Elizabethan Magic

Elizabethan Magic March 22, 2006

Educated Elizabethans lived in a world of similitudes. As EMW Tillyard argued, the Elizabethan world picture was constituted by a series of analogous chains of being. The social world manifested and was manifested by the natural world; the universe as a whole resembled human beings; there was a hierarchy among plants and rocks and animals that mirrored the hierarchy of planets and the hierarchy of political order.


Michel Foucault has drawn attention to this by discussing the “Four Similitudes” that helped to construct European thinking through the end of the sixteenth century. Things that are similar by “convenience” (conventia) are similar because they are in close proximity to each other. Body and soul are convenient to each other: the soul is made dense and earth-like so that it can be joined to the material body, and the soul both animates the body and is affected by bodily appetites. Things related by “emulation” (aemulatio) are not dependent upon their proximity for their connection. The human face emulates the sky, in that “his two eyes, with their limited brightness, are a reflection of the vast illumination spread across the sky by sun and moon; the mouth is Venus, since it gives passage to kisses and words of love; the nose provides an image in miniature of Jove’s scepter and Mercury’s staff.” Analogy (analogia) is the third similitude, and combines the two former ones. Analogy is not dependent on visible, substantial similarities but includes more subtle ones that are based only on relation: The stars are to the sky as plans are to the earth, as diamonds are in the rocks, as sense organs in the face, and so on. Analogy stretches out in endless resemblances. Finally, there are the “sympathies,” powers of attraction that pull things together. Standing opposed to sympathy is “antipathy,” which forces things apart. Were sympathy given free rein, all would be drawn into undifferentiated sameness (Parmenides); were antipathy to reign supreme, it would be a war of all against all (Heraclitus). The tension of the two forces creates space, time, and also makes possible the other forms of resemblance, because it is this tension that makes for difference and similarity. These similitudes are not always apparent, but have to be read off the “signatures” evident in visible reality, which are signs pointing to similitudes of various sorts. The fact that a walnut resembles a brain is a sign that walnuts are useful for relieving headaches.
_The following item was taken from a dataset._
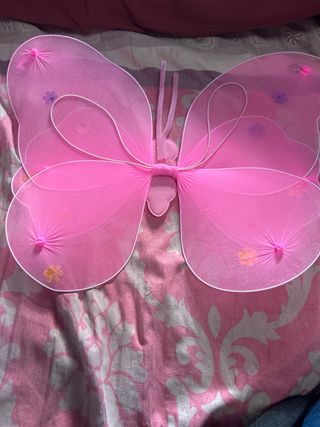 Disfraz Mariposa Rosa Niña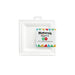 Assiette pulpe carrée blanche 26 cm x 26 cm - 10 unités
In such a world, the line between science and magic, between knowing and divination, becomes exceedingly thin: “The world is covered with signs that must be deciphered, and those signs, which reveal resemblances and affinities, are themselves no more than forms of similitude. To know must therefore be to interpret: to find a way from the visible mark to that which is being said by it and which, without that mark, would lie like unbroken speech, dormant within things.” In such a system, “divination is not a rival form of knowledge; it is part of the main body of knowledge itself.” In short, “The project of elucidating the ‘Natural Magics,’ which occupies an important place at the end of the sixteenth century and survives into the middle of the seventeenth, is not a vestigial phenomenon in the European consciousness; it was revived . . . because the fundamental configuration of knowledge consisted of the reciprocal cross-reference of signs and similitudes. The form of magic was inherent in this way of knowing.”